- Braybrook, Victoria Australia

Information
- School type: Public, co-educational, secondary day school
- Motto: Pride in Achievement
- Established: 1960
- Principal: Kelly Panousieris
- Grades: 7–12
- Enrolment: 1424
- Colours: Navy blue, maroon and white
- Website: braybrooksc.vic.edu.au

= Braybrook College =

Braybrook College is a state secondary college located in the suburb of Braybrook which is located in Melbourne's western suburbs.

==About the school==
Braybrook College is a Year 7–12, Single campus, co-educational, multicultural, Years 7 to 12 college, largely serving the areas of Sunshine and Footscray.

The school is well-resourced with facilities including Computer Labs, Numeracy Centre, Music Centre, Drama Centre, Gymnasium, Library, Careers Centre, Food/Home Economics Centre, Woodwork Centre and Machine Workshop, Ceramics and Arts Studios, Science Laboratories, Canteen, Synthetic Soccer Pitch, Landscaped gardens, and a covered BBQ area.

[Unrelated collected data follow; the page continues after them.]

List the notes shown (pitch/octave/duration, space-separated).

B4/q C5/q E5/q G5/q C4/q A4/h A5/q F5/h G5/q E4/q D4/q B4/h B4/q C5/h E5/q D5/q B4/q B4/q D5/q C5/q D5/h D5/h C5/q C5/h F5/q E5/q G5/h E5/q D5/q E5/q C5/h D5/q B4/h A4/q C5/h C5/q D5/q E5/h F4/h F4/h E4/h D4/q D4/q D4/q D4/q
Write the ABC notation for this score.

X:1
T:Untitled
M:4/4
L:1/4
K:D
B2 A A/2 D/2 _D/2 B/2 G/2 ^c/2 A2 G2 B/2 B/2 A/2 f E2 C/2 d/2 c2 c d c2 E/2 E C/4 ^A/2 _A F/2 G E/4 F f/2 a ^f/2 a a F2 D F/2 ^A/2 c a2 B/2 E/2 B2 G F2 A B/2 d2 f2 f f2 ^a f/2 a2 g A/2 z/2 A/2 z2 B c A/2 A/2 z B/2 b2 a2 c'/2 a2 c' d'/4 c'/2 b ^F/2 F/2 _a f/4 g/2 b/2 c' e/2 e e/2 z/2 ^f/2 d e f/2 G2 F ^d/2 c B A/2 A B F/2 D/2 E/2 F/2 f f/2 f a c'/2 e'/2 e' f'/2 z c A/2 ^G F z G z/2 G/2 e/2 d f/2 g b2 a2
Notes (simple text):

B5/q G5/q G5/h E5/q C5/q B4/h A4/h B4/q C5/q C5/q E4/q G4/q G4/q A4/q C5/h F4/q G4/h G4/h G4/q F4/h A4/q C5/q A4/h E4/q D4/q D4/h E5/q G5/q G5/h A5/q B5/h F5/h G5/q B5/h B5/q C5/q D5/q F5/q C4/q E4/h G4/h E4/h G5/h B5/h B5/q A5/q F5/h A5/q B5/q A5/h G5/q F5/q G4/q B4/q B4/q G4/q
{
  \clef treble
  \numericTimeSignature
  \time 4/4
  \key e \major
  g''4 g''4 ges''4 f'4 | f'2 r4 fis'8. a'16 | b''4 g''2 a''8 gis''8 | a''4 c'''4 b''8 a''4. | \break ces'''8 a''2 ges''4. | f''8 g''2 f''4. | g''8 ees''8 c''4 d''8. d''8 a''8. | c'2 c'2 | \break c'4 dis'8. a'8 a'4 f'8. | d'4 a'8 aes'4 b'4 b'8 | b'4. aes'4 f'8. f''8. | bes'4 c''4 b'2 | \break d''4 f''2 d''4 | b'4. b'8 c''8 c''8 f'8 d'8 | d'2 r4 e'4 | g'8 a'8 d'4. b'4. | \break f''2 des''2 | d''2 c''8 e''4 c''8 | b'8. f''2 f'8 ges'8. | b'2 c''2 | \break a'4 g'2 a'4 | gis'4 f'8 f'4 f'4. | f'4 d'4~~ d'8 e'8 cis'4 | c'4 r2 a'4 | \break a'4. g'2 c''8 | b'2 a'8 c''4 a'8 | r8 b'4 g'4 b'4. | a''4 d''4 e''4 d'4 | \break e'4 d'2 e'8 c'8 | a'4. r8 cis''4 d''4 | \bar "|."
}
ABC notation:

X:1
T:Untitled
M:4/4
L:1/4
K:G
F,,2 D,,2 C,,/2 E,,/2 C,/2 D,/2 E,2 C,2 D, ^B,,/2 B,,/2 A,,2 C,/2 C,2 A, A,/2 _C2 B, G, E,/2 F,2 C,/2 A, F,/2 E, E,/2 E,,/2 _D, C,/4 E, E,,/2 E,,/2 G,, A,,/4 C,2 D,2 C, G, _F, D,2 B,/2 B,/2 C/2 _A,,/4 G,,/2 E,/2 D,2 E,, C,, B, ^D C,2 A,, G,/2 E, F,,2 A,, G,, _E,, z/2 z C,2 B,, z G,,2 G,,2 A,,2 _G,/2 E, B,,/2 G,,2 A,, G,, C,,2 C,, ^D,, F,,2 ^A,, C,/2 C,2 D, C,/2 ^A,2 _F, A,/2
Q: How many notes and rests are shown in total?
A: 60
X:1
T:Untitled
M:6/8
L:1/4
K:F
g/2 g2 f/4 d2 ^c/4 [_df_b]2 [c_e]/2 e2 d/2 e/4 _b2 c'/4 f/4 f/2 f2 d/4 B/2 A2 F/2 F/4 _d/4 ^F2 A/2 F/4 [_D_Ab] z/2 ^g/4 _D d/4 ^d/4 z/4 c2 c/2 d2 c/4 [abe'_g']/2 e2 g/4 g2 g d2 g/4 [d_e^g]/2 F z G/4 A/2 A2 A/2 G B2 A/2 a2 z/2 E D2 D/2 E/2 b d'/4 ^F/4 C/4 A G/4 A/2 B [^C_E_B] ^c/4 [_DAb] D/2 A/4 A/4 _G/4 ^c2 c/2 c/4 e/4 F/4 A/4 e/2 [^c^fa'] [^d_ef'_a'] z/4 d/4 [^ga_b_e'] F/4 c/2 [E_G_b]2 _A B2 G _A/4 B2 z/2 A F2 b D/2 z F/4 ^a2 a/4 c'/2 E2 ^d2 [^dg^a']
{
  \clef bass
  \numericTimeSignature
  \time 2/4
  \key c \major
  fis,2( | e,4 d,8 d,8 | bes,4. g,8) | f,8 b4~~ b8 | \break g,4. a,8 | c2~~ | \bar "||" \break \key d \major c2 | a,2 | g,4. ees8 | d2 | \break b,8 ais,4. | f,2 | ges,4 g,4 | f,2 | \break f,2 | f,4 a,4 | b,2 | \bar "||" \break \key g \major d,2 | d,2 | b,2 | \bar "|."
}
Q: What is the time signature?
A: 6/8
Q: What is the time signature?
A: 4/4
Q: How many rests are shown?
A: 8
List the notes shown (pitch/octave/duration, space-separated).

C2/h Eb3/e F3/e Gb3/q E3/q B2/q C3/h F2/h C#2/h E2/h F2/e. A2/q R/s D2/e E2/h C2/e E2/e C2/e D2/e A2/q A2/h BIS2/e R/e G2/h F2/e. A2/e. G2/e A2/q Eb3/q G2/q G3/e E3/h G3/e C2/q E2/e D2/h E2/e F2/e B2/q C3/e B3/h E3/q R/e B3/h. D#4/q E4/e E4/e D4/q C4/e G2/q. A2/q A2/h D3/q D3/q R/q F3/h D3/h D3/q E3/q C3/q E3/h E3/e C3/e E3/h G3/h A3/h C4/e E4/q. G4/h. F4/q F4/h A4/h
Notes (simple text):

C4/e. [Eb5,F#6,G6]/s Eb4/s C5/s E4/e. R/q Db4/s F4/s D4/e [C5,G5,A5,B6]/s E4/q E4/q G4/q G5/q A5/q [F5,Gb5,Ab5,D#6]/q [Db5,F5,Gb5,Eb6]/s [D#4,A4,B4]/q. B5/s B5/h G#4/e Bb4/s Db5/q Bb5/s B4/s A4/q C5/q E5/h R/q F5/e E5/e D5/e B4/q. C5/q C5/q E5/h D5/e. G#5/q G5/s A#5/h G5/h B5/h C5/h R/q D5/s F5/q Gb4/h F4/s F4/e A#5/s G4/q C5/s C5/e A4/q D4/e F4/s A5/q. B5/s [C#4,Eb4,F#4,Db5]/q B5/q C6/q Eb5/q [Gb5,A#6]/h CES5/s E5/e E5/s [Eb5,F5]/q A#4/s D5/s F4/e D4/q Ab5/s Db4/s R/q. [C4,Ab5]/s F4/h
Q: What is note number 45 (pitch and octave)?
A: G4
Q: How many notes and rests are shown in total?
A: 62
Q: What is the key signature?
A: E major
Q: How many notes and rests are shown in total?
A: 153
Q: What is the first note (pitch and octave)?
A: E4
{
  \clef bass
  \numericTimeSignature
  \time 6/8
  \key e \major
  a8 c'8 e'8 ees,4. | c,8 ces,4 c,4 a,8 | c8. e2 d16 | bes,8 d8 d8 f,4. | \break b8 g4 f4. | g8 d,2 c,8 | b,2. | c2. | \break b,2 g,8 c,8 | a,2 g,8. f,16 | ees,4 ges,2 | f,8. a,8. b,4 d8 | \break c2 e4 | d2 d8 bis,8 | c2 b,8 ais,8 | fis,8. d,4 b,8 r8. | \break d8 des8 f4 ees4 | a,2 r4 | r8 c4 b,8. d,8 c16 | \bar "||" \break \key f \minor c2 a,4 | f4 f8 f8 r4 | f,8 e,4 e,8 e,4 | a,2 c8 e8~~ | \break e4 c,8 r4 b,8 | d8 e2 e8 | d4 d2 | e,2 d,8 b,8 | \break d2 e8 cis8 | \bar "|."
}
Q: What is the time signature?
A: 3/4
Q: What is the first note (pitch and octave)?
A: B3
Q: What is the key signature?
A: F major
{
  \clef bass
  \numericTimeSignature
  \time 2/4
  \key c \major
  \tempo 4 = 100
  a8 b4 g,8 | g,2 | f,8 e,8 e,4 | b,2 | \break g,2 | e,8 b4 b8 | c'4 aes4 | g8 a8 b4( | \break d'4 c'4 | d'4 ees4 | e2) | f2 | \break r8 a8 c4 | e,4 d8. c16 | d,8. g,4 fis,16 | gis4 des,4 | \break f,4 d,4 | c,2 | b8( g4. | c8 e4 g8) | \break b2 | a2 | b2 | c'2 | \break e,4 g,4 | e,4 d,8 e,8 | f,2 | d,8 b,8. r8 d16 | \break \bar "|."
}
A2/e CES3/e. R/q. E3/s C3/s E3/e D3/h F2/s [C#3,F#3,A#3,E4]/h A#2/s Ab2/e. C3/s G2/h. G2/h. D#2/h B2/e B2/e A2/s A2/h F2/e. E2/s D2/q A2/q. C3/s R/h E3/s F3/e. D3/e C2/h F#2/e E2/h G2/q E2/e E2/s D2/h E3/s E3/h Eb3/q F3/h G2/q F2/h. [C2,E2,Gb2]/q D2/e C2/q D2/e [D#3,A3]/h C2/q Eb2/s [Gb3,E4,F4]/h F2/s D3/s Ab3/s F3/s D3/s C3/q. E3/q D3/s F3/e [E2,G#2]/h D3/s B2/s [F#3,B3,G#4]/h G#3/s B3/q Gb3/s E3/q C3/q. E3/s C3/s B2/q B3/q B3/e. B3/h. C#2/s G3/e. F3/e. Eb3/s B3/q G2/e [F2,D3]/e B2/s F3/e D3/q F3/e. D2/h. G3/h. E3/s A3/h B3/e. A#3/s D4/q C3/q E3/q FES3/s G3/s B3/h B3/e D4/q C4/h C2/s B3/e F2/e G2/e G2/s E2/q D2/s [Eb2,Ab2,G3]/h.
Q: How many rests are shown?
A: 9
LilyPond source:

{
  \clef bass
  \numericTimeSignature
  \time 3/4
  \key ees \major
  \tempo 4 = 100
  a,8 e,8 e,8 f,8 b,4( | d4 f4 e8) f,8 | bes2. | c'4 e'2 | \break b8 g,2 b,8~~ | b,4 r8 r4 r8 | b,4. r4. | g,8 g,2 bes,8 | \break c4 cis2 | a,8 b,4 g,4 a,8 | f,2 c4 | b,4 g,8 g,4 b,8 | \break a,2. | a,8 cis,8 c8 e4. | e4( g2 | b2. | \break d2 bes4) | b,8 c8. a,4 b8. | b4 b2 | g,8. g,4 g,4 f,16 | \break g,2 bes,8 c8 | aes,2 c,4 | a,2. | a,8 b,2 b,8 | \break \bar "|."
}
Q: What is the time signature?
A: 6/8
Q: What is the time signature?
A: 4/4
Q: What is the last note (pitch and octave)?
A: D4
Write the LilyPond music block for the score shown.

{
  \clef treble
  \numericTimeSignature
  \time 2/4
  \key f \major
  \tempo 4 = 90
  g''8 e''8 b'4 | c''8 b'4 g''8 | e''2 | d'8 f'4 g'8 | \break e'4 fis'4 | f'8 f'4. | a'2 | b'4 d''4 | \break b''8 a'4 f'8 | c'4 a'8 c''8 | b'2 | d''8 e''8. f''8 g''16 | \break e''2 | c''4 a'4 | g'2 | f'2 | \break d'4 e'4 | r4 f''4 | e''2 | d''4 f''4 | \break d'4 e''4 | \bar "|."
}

The school also has a range of special programs, including an International Students Program, a Program for Students with a Disability, an EAL Program, a "Student at Risk" Program, a Literacy Program, a STEM Program, a Peer Support Program and a Program for High Achievers' (SEEK).

==History==
The school was founded as Braybrook High School, then changed its name from Braybrook Secondary College to Braybrook College.

==Achievements==
Braybrook College graduate Linh Do, defeated seven other nominees from across the state to win the 2008 VCE Achiever of the Year Award, which honors student community contributions. The 18-year-old attended Kevin Rudd’s 2020 Youth Summit and Al Gore’s climate-change leadership training, and then started her own climate change organisation.